Later on I went out in the yard and saw him in the turtle pen. I wonder why he would leave the big pond for a little water pond.


----------



## Josh (May 1, 2009)

excellent photos! thats quite a garden you have there and you're lucky to have such a peaceful little visitor. i have some kind of animal living beneath my house. he's neither quiet nor welcome.


----------



## Candy (May 1, 2009)

Beautiful Terry. He's bigger then I thought at first. Now that he's taken over Pio and Izzys place what are you going to do?


----------



## bettinge (May 1, 2009)

You said "I wonder why he would leave the big pond for a little water pond". Come on, you have heard the saying! Better to be the big frog in a small pond rather than a small frog in a big pond!


----------



## terryo (May 1, 2009)

I didn't realize how big he was. Look at him compared to Izzy. I think he is as big as Izzy.


----------



## Maggie Cummings (May 1, 2009)

When I lived in Calif I had a frog who looked just like that living in a water dish for my desert tortoise. It was just a plant saucer but that frog came back year after year and when I was getting everything ready to move up here I said if he was there and I could get him I'd move him up here with me...They are just really pretty and really big frogs...I'm glad you have him and I hope you won't chase him away...my guy was not around on moving day...


----------



## Yvonne G (May 1, 2009)

I hope he doesn't all of a sudden get a craving for Turtle Soup! Before I added turtles to my pond I kept and raised Call ducks (miniature ducks) to sell. The frogs in the pond ate my babies all the time. I had to start incubating the eggs in the house.

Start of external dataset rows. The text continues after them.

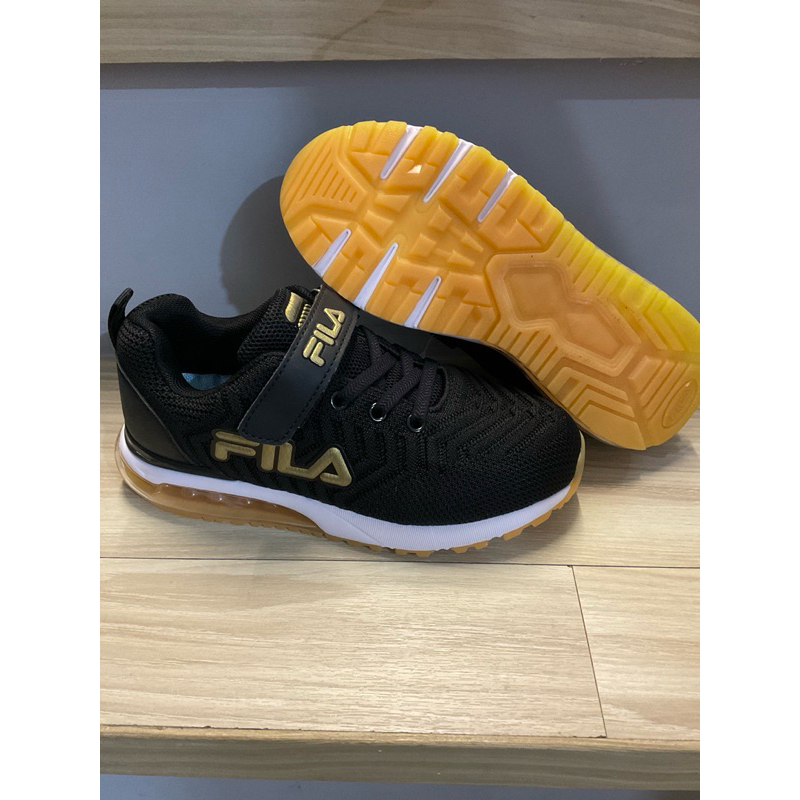 麻糬鞋屋👟FILA-男童氣墊運動跑鞋（抗箘防臭鞋墊）（福利品） 特價690元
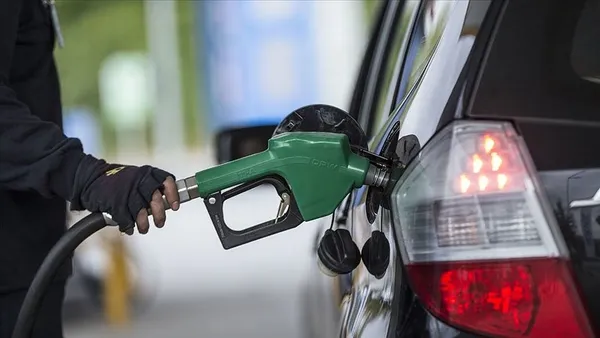 Benzin ve motorinde indirim beklentisi! Brent petrol çakıldı! Akaryakıt fiyatlarına indirim yapılacak mı? 23 Eylül güncel benzin motorin LPG fiyatları...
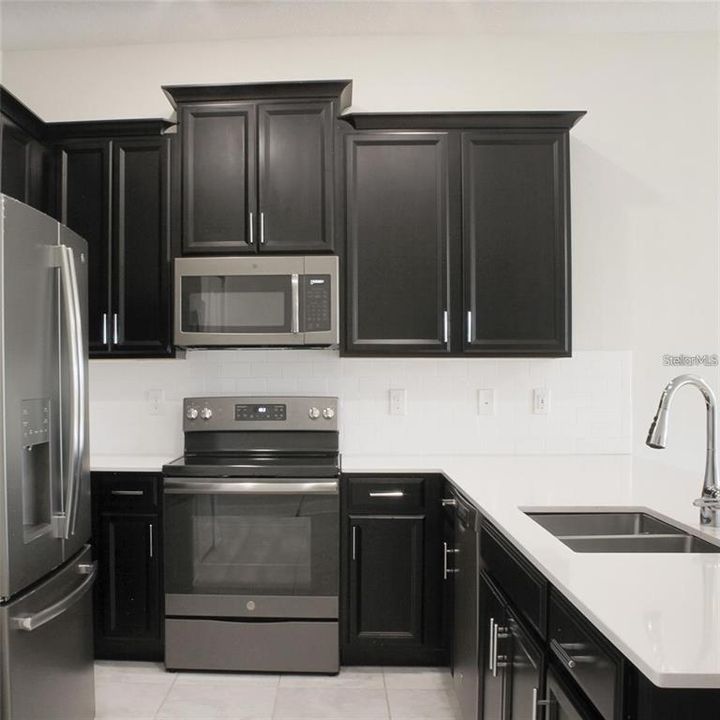 En Venta: $285,000 (2 camas, 2 baños, 1388 Pies cuadrados)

Your yard looks so peaceful! I'm so envious.

Yvonne


----------



## Isa (May 1, 2009)

Really nice pics Terry.
wow, this frog is huge and totaly cute, he looks really comfortable in the pond 
Thanks for sharing.


----------



## Jacqui (May 2, 2009)

We often get toads in the box turtle pens. I use to think it was so much fun to throw them night crawlers when feeding the box turtles. One day I thought about the fact that as large as the toads were, they could be eating hatchlings. 

Terry I would wonder if with it being so early in the year, if the water in the smaller pool was warmer? Also want to add wonderful shots and lovely area!


----------



## terryo (May 3, 2009)

We only had about three days here that were in the high 80's.....not normal. That's when I took these pictures. I took them in at night and only let them stay out a few hours. Now it went back into the low 50's at night and around 66 ish during the day. So they havent been out since the pictures that I posted here. Poor guys...they really loved it.


----------



## jlyoncc1 (May 3, 2009)

Great pictures as always Terry! Everything looks beautiful even your prince!


----------



## terryo (May 4, 2009)

Dee, do ya think if I kiss him something exciting will happen?


----------



## Stazz (May 5, 2009)

You never know Terry !!!


----------



## jlyoncc1 (May 5, 2009)

LOL! Terry don't you wish it were that easy!


----------